[Opening RECORDS FOR THE TASK section]

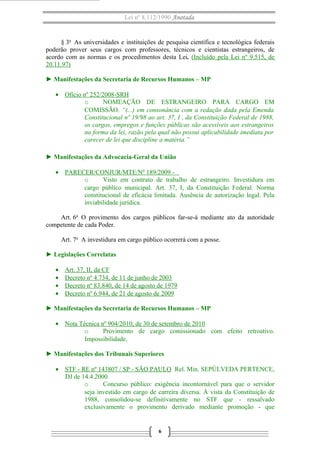 Lei nº 8.112/1990 Anotada

§ 3o As universidades e instituições de pesquisa científica e tecnológica federais
poderão prover seus cargos com professores, técnicos e cientistas estrangeiros, de
acordo com as normas e os procedimentos desta Lei. (Incluído pela Lei nº 9.515, de
20.11.97)
► Manifestações da Secretaria de Recursos Humanos – MP
• Ofício nº 252/2008-SRH
o
NOMEAÇÃO DE ESTRANGEIRO PARA CARGO EM
COMISSÃO. “(...) em consonância com a redação dada pela Emenda
Constitucional nº 19/98 ao art. 37, I , da Constituição Federal de 1988,
os cargos, empregos e funções públicas são acessíveis aos estrangeiros
na forma da lei, razão pela qual não possui aplicabilidade imediata por
carecer de lei que discipline a matéria.”
► Manifestações da Advocacia-Geral da União
• PARECER/CONJUR/MTE/Nº 189/2009 o
Visto em contrato de trabalho de estrangeiro. Investidura em
cargo público municipal. Art. 37, I, da Constituição Federal. Norma
constitucional de eficácia limitada. Ausência de autorização legal. Pela
inviabilidade jurídica.
Art. 6o O provimento dos cargos públicos far-se-á mediante ato da autoridade
competente de cada Poder.
Art. 7o A investidura em cargo público ocorrerá com a posse.
► Legislações Correlatas
•
•
•
•

Art. 37, II, da CF
Decreto nº 4.734, de 11 de junho de 2003
Decreto nº 83.840, de 14 de agosto de 1979
Decreto nº 6.944, de 21 de agosto de 2009

► Manifestações da Secretaria de Recursos Humanos – MP
• Nota Técnica nº 904/2010, de 30 de setembro de 2010
o
Provimento de cargo comissionado com efeito retroativo.
Impossibilidade.
► Manifestações dos Tribunais Superiores
• STF - RE nº 143807 / SP - SÃO PAULO Rel. Min. SEPÚLVEDA PERTENCE,
DJ de 14.4.2000.
o
Concurso público: exigência incontornável para que o servidor
seja investido em cargo de carreira diversa. À vista da Constituição de
1988, consolidou-se definitivamente no STF que - ressalvado
exclusivamente o provimento derivado mediante promoção - que

6

 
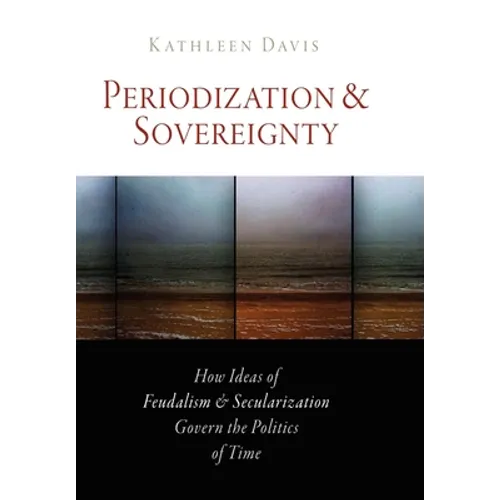 Periodization and Sovereignty: How Ideas of Feudalism and Secularization Govern the Politics of Time - Paperback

[Closing RECORDS FOR THE TASK section]

Each line in the entries above, starting at the line with "carecer de lei" and ending at the line with "competente de cada Poder.", is to be printed exactly, and only those lines.

carecer de lei que discipline a matéria.”
► Manifestações da Advocacia-Geral da União
• PARECER/CONJUR/MTE/Nº 189/2009 o
Visto em contrato de trabalho de estrangeiro. Investidura em
cargo público municipal. Art. 37, I, da Constituição Federal. Norma
constitucional de eficácia limitada. Ausência de autorização legal. Pela
inviabilidade jurídica.
Art. 6o O provimento dos cargos públicos far-se-á mediante ato da autoridade
competente de cada Poder.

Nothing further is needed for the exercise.